Peter Moore, author, historian and interviewer for the Buxton International Festival, writes about how quickly digital events have become a part of our everyday lives.
At nine o’clock one Wednesday morning in July 2019, I walked out on the stage of the Pavilion Arts Centre in Buxton. The little audience that we had managed to lure out at breakfast time responded with a ripple of applause and then our experimental event began.
The hour that lay before us was something different in the BIF timetable. I was interviewing Professor Diarmaid MacCulloch, one of Britain’s pre-eminent historians, on his grand biography of King Henry VIII’s ruthless fixer, Thomas Cromwell. So far so straight-forward. The twist here was that we were recording a format-based history podcast called Travels Through Time. Once completed the digital file was to be cut down, topped and tailed, enlivened with music and released everywhere from iTunes to Spotify as a digital event.
At the time this felt tremendously novel. The conversation was lively, the audience was engaged. We talked about the year 1536: King Henry’s mercurial moods, the spectacular fall of Anne Boleyn in May, the Pilgrimage of Grace of the late summer and Cromwell utter triumph in surviving it all. ‘The more you know about Henry VIII, the more you dislike him,’ MacCulloch told us.
I remember at the time reflecting on the different ways that this conversation would be consumed. First, in its traditional manner, in the concentrated quiet and comfort of the Arts Centre. And then, by contrast, out in the wild – in a kitchen, sitting room, or perhaps accompanying a listener on their morning commute. But would anyone at all want to do that?

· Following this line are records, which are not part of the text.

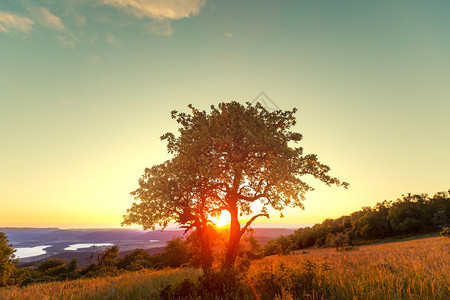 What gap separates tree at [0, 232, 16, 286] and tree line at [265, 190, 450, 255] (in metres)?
79.3

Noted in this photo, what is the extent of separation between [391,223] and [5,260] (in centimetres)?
13374

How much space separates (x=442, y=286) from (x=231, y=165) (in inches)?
439

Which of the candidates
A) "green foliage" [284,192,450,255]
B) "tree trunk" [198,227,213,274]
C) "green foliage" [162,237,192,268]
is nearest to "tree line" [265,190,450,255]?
"green foliage" [284,192,450,255]

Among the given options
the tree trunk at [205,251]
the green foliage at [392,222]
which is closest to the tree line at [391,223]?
the green foliage at [392,222]

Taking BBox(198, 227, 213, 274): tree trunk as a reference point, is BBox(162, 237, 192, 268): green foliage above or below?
below

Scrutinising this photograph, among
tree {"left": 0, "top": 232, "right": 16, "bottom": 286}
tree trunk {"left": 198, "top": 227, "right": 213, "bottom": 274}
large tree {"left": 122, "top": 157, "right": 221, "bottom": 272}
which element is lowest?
tree {"left": 0, "top": 232, "right": 16, "bottom": 286}

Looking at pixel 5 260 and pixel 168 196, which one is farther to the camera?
pixel 5 260

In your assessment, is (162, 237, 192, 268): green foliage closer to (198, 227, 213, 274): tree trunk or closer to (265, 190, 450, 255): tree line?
(198, 227, 213, 274): tree trunk

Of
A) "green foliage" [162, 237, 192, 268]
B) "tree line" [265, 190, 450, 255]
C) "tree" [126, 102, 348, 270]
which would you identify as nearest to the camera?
"tree" [126, 102, 348, 270]

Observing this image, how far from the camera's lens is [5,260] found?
164 feet

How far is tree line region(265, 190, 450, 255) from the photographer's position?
8512 cm

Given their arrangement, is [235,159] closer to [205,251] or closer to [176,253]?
[205,251]

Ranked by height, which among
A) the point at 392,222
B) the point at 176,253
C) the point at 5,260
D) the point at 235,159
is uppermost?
the point at 235,159

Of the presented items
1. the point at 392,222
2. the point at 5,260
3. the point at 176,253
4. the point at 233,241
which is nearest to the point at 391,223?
the point at 392,222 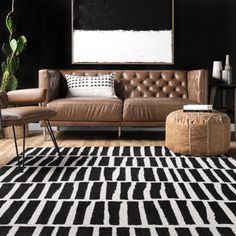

Since then and the malevolent appearance of Covid-19 it is interesting to see how our habits have changed. Locked up in our houses for months on end, many of us have escaped for an hour here or there to lectures, talks, concerts, operas.
One of the happy by-products of the last year for me is that I’ve been along (from my bedroom) to a series of lectures run by the Samuel Johnson Society of Lichfield. Usually, I’m told, their attendees are drawn from the neighbouring towns and villages in Staffordshire. But while there I spotted in the Zoom panel of windows a couple from Nova Scotia, an enthusiast from New Jersey, a Berliner and a representative of the Samuel Johnson Society of Japan.
For forward-looking festivals like Buxton, this is a hint of the wider opportunities that await. I know a BIF Digital Extra series of events is being planned (in one of which I will be interviewing William Dalrymple on his fabulous book The Anarchy), and at this point it might be heartening to note that while a few dozen turned up to our morning event in the Pavilion Arts Centre in 2019, about 15,000 more have listened to the conversation in the months since.
Still, you’ll never quite convince me that there’s anything to beat a comfortable seat, the hush and intimacy of a real live event. There’s some real treats coming to Buxton this summer: Rebecca Wragg Sykes is infectiously passionate about the Neanderthals; Juliet Nicolson has a bold new take on winter (of 1962/3) that brought us the Beatles and changed Britain; Isabel Hardman is equally inspiring as she talks about pursuing happiness through nature. I really hope you enjoy them.